**What the exercise asks**
The answer must restate the listing word for word, without its images.

**Recorded data**
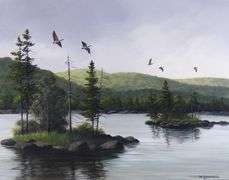 WILLIAM (BILL) SAUNDERS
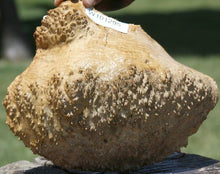 Load image into Gallery viewer, Red Mallee Burl Cap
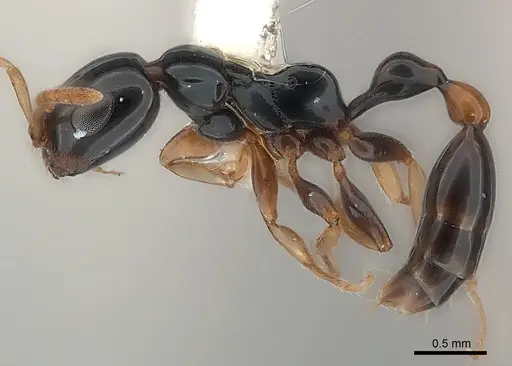 Tetraponera extenuata specimen CASENT0217591 image casent0217591_3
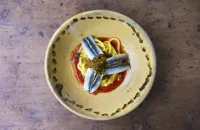Spaghetti with sardines and sicilian breadcrumbs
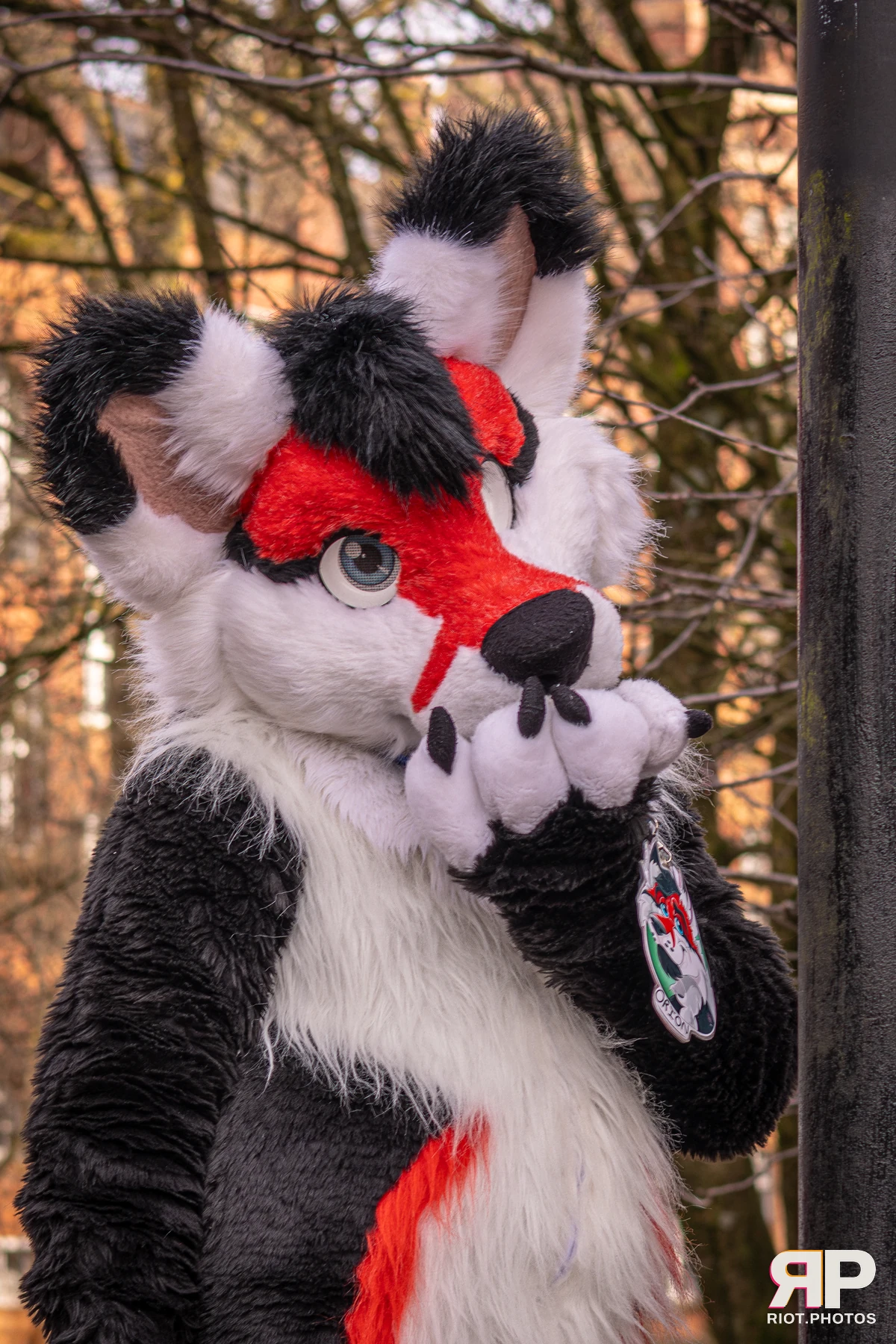 MancFurs - February, 2026 — 14 Feb 2026, Fluffy Riot photography — photo 43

**Answer for the task**
 WILLIAM (BILL) SAUNDERS
 Load image into Gallery viewer, Red Mallee Burl Cap
 Tetraponera extenuata specimen CASENT0217591 image casent0217591_3
Spaghetti with sardines and sicilian breadcrumbs
 MancFurs - February, 2026 — 14 Feb 2026, Fluffy Riot photography — photo 43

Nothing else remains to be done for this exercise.